Corinthians e Flamengo querem formar um cartel

O que querem as diretorias de Corinthians e Flamengo – negociar em separado com a TV Globo e com isso receber verbas bem maiores pelos seus jogos –, pode ser definido como um truste, ou um cartel, práticas proibidas em um mercado livre, pois além de impedir que este mercado flua livremente, gera concentração de riquezas.

Segundo o Dicionário de Economia do Século XXI, de Paulo Sandroni, o truste ocorre quando “várias empresas, já detendo a maior parte no mercado, combinam-se para assegurar esse controle”. E o cartel, com objetivo similar, ocorre quando “um grupo de empresas independentes formalizam um acordo para sua atuação coordenada, com objetivos comuns”.

A participação direta da Globo no episódio é, no mínimo, antiética. Como uma concessão do governo, obrigada por contrato a não favorecer grupos ou facções, ela estaria influindo diretamente no equilíbrio de forças do futebol brasileiro, destacando desmesuradamente algumas equipes, independentemente de sua performance e qualidade técnica.

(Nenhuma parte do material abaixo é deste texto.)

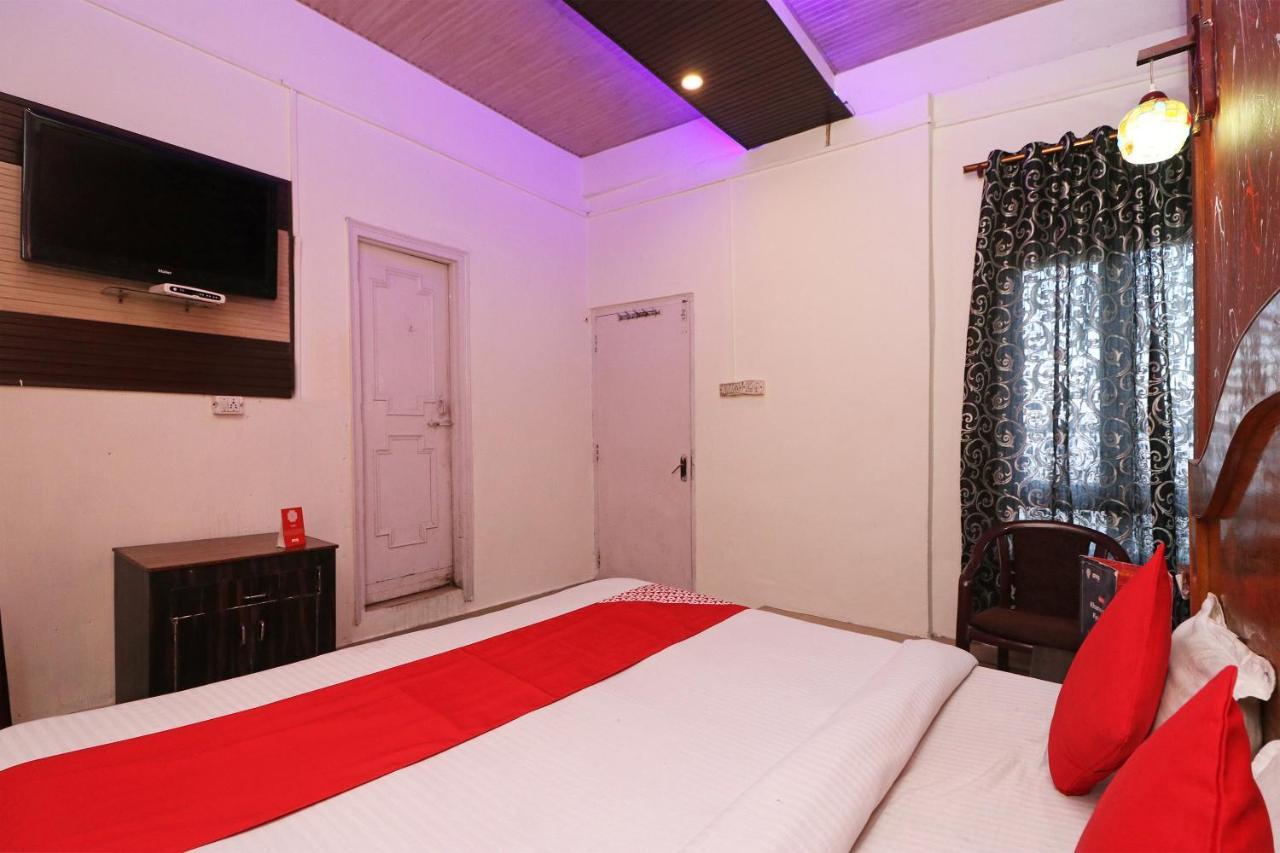 Oyo 75571 Sai Pooja Lodging Hotel Mumbai  Buitenkant foto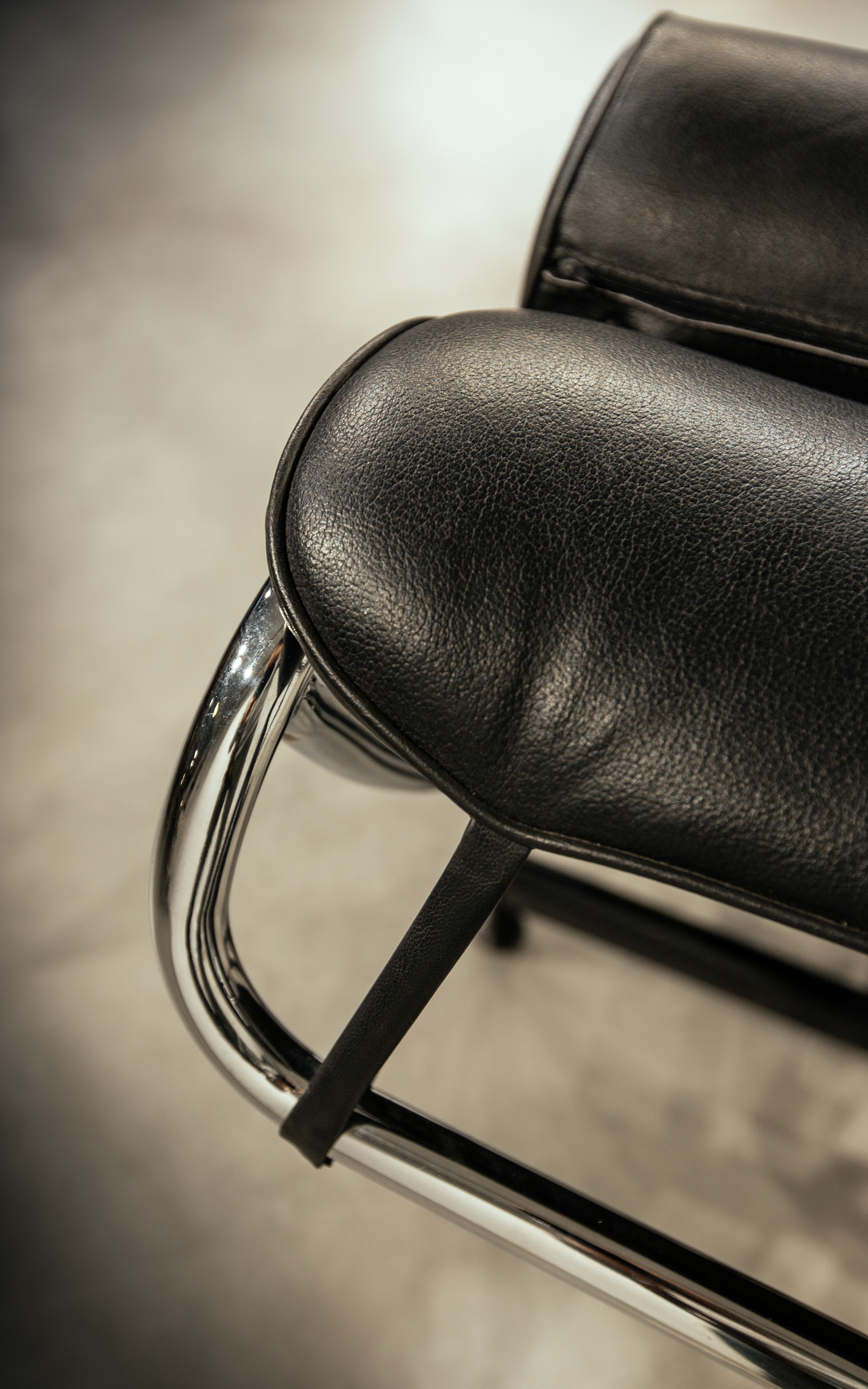 Le Corbusier tasarımı 'LC4' Chaise Lounge 'replika'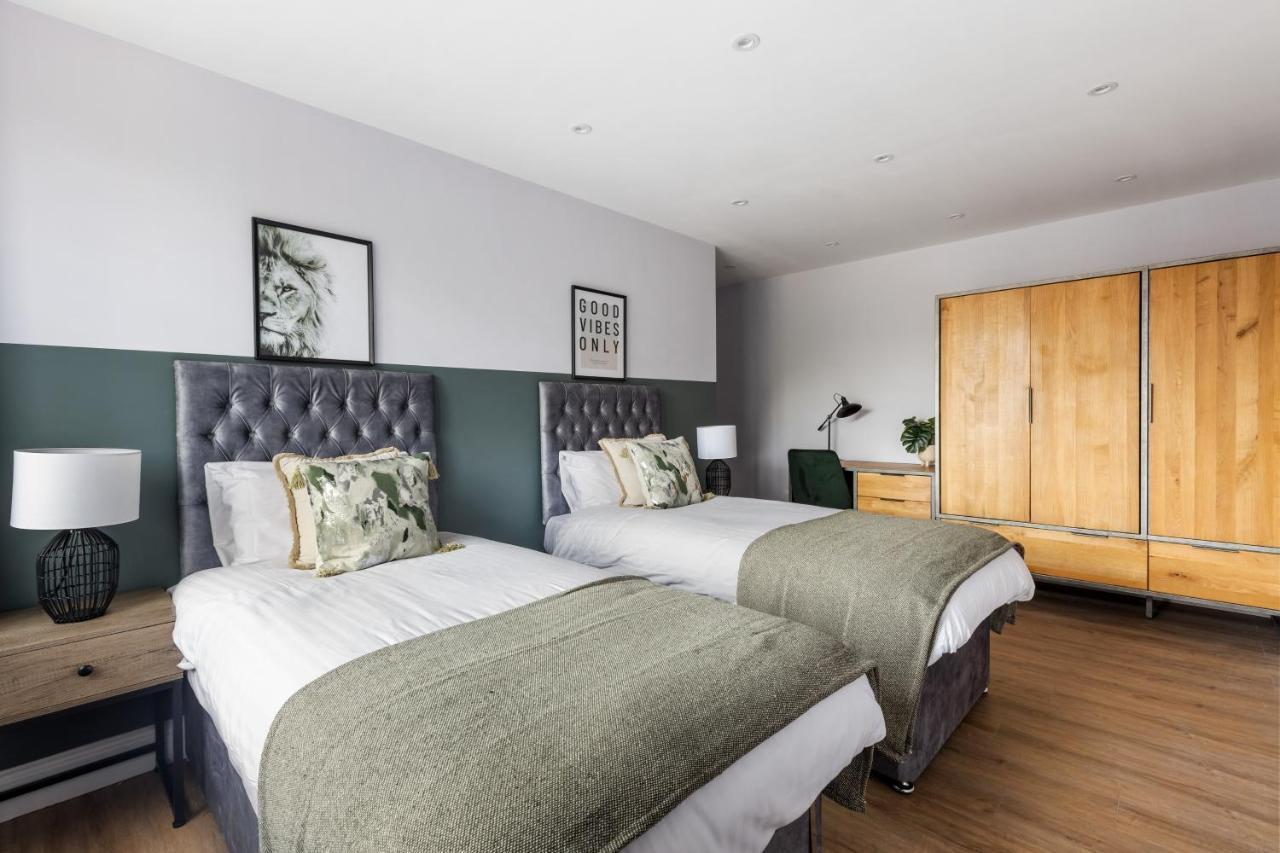 Stylish & Spacious 3 Bed Apartment With Fast Wifi, Close To Tube & Wembly ลอนดอน ภายนอก รูปภาพ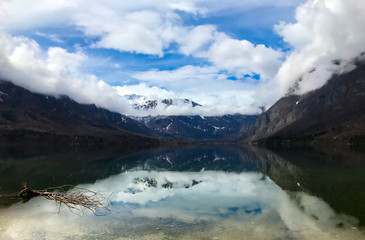 Fototapeta na wymiar mirror lake in mountains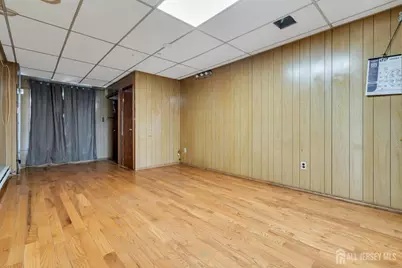 287 E Smith Street E, Woodbridge Township, NJ 07095 - Photo 23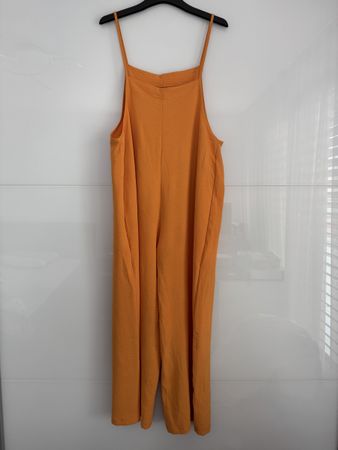 Sommerlicher Jumpsuit in Orange in der Grösse M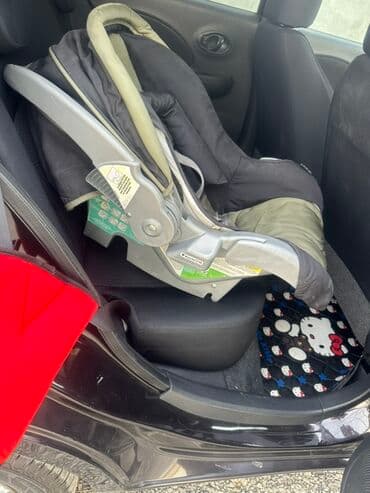 maşın ucun uşaq oturacağı: Safety 1st markalı, qara və boz rəngli uşaq avtomobil oturacağı — 3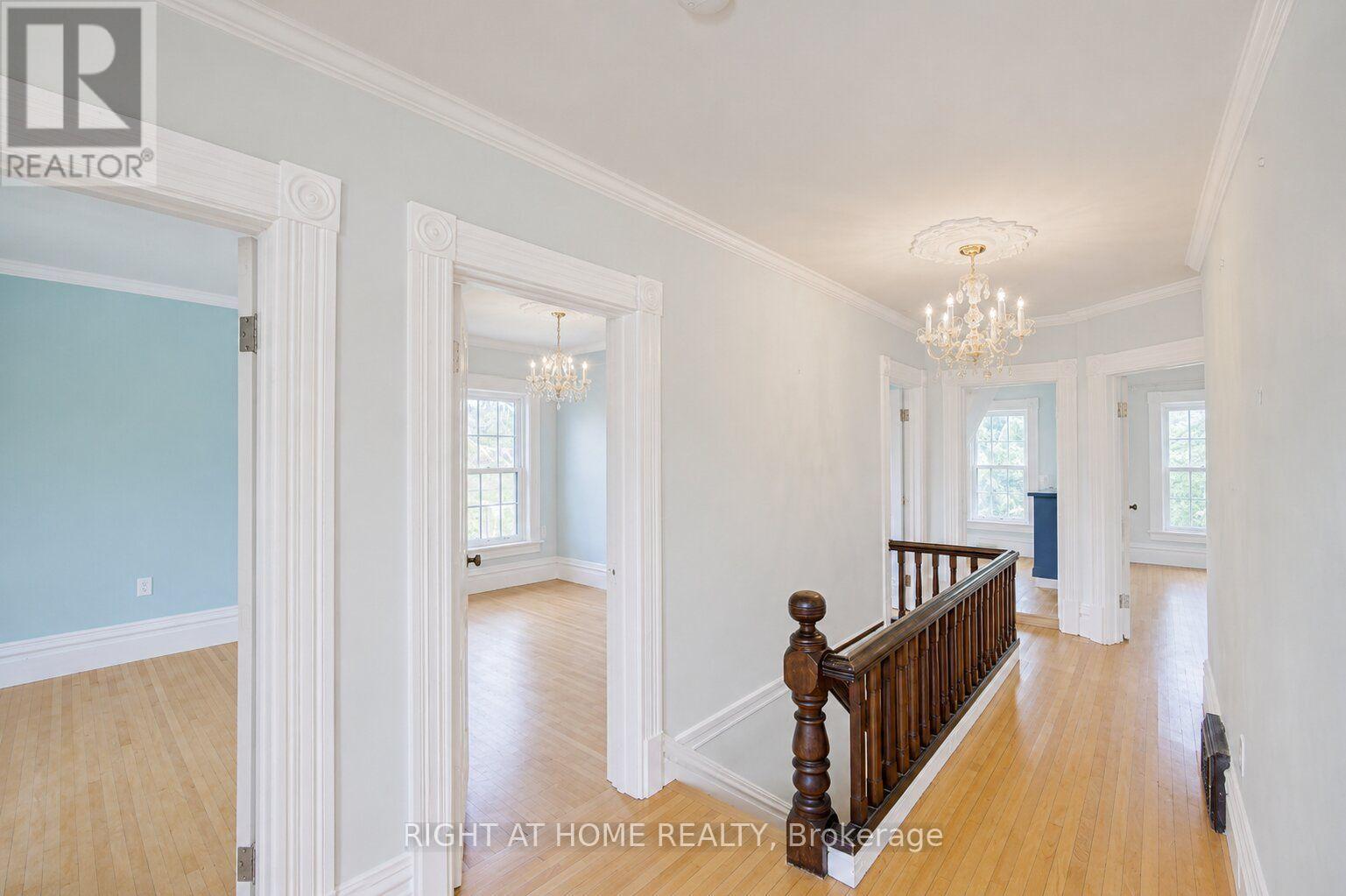 402 Lambton Street E, West Grey, Ontario  N0G 1R0 - Photo 21 - X13166452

Isso ficou evidente em 2008, quando, após celebrar contrato com o Corinthians, a Globo preferiu transmitir a estréia do alvinegro paulistano na Série B do Brasileiro, ao invés de mostrar, no mesmo horário, a partida do São Paulo, bicampeão brasileiro da Série A. É óbvio que esta decisão desvalorizou não só o São Paulo, como também o principal campeonato do País. Uma emissora comprometida apenas com o esporte e não vinculada comercialmente a um clube, não teria agido de forma tão parcial.

Em uma época em que os clubes lutam desesperadamente por visibilidade, e para isso investem dinheiro e muito trabalho para montar equipes vencedoras, é lamentável que um contrato comercial assegure a apenas uma agremiação um espaço precioso na mídia mais importante do país, qualquer que seja o rendimento desta equipe em campo.

É evidente que acordos assim, que desrespeitam a maioria dos fãs, despertam uma enorme antipatia dos torcedores não só com a equipe em questão, mas com a emissora de tevê, e isso tem se refletido na queda acentuada dos índices de audiência da Globo em transmissões do futebol. Para ficar bem com uma parcela de seus telespectadores, a Globo acabou se indispondo com a maioria.

O exemplo milionário da NBA

O campeonato mais rentável do mundo é o da NBA, a liga profissional de basquete dos Estados Unidos. Situados em outra dimensão no que se refere ao marketing esportivo, os mentores da liga sabem que a alta competitividade, o poderio das equipes e o equilíbrio entre os times é que fazem dos jogos uma atração em todo o mundo.

Partidas com duelos entre grandes astros, quase todas decididas apenas nos últimos segundos, dão aos jogos da NBA um charme e um valor insuperáveis.

Enquanto no futebol brasileiro – esporte que, é oportuno lembrar, tem 11 titulares em campo –, os grandes clubes pagam folhas salariais que não chegam a 15 milhões de dólares por ano, na NBA apenas cinco das 30 equipes não ultrapassaram o teto de 57,7 milhões de dólares anuais.

Lá, como se sabe, as piores equipes de uma temporada têm a preferência para contratar os melhores jogadores universitários para a temporada seguinte. Tudo dentro dessa filosofia de equiparar as forças, de promover ume espetáculo mais atraente.

Uma proposta para os acordos com a tevê

O momento é tenso. Fiquei sabendo que se Corinthians e Flamengo radicalizarem em sua vontade de fazer acordos à parte, que lhes garantam mais dinheiro e mais visibilidade na Rede Globo, os outros clubes vão pedir que façam um campeonato só entre eles dois.

Creio que o mais justo, mais ético e melhor para os clubes e o futebol brasileiro, é dividir o bolo da tevê entre um número bem maior de times, talvez os 12 reconhecidamente grandes, talvez incluindo ainda outros campeões brasileiros que estejam na Série A, talvez dividindo os valores entre a cota de participação e prêmios aos mais bem classificados.

O que não se pode é empurrar o futebol brasileiro para o caminho do monopólio e do elitismo, o que só vai acabar com a maior e talvez única vantagem de nosso campeonato nacional com relação ao de outros países: a notável competitividade, que faz com que uma dezena de equipes possam sonhar com o título a cada ano.

E você, acha que a divisão das cotas de tevê deveria abranger mais times, ou os de maior torcida devem ganhar mais mesmo?